Prof. Kemp said that many traditional businesses lost workers to oil because they were unable to compete with the wages earned offshore.
It’s always easy to portray the sterotype and for every fast and loose Dallas cowboy, there were dozens of hard-working families who added vibrancy and vitality to the communities they lived in.
So many “expats” found their way to the North east that they opened their own school. The American School (now known as the International School) was established in 1972, with a school role of 36 students from kindergarten through 12th grade.
The original school was located on Craigton Road in Cults before moving to Milltimber in 1996 and changing its name to the International School, reflecting a wider range of expat pupils. In 2010 it moved again, to an ultra-modern campus at Pitfodels. Milltimber has now been demolished to make way for the Aberdeen Western Peripheral Route.
The American Food Store in Mid Stocket Road did a roaring trade supplying US housewives with larder staples from the across the pond – many Aberdonians also enjoyed culinary delights such Twinkies, Wieners, jelly beans and tamales…..and Budweiser.

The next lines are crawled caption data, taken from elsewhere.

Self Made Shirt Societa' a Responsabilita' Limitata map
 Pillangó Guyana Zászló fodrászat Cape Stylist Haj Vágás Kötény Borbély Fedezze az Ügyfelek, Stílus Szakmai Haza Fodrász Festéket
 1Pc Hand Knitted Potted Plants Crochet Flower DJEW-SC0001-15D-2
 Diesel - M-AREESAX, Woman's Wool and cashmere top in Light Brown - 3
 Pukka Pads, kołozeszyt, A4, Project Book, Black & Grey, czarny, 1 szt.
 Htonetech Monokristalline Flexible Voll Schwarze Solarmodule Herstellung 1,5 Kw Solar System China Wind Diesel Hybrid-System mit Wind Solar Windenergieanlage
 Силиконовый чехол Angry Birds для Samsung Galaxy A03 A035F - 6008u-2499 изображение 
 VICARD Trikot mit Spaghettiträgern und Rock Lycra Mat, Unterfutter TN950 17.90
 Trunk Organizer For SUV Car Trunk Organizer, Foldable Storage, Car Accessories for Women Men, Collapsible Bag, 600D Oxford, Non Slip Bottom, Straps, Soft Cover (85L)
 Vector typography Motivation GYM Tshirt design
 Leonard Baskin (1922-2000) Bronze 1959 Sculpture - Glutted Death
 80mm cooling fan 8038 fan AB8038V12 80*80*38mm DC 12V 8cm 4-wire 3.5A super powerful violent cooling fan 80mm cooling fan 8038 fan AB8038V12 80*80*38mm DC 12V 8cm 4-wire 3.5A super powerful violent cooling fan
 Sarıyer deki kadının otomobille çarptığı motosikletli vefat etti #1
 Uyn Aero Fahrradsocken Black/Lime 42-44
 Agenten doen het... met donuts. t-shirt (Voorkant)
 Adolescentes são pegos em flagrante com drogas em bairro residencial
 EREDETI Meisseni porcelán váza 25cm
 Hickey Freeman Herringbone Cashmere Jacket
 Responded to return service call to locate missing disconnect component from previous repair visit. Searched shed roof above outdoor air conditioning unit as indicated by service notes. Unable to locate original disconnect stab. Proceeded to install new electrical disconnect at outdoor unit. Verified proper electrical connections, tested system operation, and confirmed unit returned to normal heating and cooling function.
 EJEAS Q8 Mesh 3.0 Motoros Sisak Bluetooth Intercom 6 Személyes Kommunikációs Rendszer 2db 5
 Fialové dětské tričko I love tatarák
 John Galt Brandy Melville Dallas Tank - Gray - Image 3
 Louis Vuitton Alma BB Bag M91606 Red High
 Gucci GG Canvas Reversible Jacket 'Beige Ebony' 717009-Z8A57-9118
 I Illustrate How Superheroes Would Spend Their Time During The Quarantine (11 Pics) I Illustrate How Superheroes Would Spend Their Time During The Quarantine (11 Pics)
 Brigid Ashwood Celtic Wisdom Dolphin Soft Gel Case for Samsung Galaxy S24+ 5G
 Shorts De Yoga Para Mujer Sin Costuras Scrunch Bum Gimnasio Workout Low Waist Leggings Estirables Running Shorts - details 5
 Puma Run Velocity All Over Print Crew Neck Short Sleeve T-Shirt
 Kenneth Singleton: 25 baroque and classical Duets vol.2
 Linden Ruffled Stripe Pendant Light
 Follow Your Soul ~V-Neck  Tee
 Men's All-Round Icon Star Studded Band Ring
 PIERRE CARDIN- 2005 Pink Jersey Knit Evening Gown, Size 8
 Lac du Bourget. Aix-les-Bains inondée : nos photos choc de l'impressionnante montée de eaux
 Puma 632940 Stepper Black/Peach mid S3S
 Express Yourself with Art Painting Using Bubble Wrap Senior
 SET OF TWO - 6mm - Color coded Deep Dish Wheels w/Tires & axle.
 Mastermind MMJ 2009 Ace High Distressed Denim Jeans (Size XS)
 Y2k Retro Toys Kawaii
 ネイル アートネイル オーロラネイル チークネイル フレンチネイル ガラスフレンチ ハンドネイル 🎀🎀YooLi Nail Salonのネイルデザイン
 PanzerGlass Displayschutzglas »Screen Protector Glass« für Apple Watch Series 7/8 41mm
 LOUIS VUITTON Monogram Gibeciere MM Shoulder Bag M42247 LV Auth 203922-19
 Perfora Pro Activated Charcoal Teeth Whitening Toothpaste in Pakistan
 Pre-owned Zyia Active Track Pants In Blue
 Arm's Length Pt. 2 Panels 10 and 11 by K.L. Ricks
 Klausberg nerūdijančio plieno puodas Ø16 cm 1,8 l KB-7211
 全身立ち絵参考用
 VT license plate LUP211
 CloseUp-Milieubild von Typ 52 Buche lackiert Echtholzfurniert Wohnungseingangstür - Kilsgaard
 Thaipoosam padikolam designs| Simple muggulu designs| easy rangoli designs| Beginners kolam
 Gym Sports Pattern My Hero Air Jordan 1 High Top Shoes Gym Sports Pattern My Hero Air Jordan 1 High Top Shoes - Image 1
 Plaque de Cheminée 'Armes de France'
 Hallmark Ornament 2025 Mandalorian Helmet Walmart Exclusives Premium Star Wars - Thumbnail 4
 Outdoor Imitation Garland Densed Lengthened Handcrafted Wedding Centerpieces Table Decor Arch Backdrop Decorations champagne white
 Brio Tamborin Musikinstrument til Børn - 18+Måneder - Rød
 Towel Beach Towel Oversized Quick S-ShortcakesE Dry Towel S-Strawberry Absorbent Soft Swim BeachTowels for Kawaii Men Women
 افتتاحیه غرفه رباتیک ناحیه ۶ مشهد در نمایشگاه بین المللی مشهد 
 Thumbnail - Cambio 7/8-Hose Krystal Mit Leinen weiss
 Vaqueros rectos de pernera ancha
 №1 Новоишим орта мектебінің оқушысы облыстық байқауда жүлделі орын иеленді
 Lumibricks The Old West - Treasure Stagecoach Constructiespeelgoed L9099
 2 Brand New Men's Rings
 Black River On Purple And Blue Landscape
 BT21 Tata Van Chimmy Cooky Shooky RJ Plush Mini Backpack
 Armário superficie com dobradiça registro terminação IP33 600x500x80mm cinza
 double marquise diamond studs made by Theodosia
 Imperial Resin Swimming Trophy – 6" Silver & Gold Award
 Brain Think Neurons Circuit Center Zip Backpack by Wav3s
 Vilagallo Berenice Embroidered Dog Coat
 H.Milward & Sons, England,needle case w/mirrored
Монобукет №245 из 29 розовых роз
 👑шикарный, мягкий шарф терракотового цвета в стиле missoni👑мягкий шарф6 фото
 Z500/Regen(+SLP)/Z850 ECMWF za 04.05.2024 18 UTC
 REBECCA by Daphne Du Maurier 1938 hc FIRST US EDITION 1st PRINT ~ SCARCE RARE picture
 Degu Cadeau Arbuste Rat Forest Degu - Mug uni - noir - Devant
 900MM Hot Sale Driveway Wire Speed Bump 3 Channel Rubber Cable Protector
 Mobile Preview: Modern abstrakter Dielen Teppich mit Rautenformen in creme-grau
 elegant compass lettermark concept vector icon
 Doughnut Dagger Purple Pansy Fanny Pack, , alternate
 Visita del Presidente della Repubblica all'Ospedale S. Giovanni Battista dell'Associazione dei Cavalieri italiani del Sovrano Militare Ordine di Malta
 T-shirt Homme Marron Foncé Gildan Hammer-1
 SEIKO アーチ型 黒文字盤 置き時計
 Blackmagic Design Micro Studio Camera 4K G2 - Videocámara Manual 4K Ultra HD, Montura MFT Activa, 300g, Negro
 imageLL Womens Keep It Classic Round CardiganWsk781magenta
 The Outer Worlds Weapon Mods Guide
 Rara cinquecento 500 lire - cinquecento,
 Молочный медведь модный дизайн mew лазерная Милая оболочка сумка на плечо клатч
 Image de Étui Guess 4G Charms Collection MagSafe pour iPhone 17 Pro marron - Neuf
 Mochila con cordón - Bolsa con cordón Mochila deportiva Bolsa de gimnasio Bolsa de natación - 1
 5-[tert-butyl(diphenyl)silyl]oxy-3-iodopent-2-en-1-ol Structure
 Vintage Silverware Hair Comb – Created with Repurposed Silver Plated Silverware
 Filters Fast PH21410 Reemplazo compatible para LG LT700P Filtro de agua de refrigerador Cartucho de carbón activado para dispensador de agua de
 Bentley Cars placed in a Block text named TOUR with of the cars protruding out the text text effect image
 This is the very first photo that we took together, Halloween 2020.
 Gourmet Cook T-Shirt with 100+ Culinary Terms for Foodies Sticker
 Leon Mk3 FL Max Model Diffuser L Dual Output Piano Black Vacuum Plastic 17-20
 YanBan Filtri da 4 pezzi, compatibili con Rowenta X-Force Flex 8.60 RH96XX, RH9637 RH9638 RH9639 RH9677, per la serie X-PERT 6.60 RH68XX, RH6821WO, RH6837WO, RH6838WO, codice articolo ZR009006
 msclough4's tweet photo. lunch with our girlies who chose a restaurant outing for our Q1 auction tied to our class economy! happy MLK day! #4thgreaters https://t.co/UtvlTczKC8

The American Women of Aberdeen still gather in 2015, offering an opportunity for expatriate women in the city to meet regularly for “social and cultural exchange”.
But the great American influx became an exodus when the first oil price crash hit hard in 1986.
Professor Kemp added: “The culture had been to get to the oil as quickly as possible and get it flowing – that was definitely shaped by the ‘can do’ attitude of the American companies, but the UK Government wanted that as well.”
“Maybe safety wasn’t as high a priority as it should have been in the early days. Piper Alpha [owned by American firm Occidental] changed everything for the better in terms of the culture in the North Sea.
The Americans’ get-it-done philosophy also challenged and inspired a new generation of Scots business people. Sir Ian Wood’s transformation of the family fishing boat repair business into a global oil services and engineering empire is probably the greatest of the success stories.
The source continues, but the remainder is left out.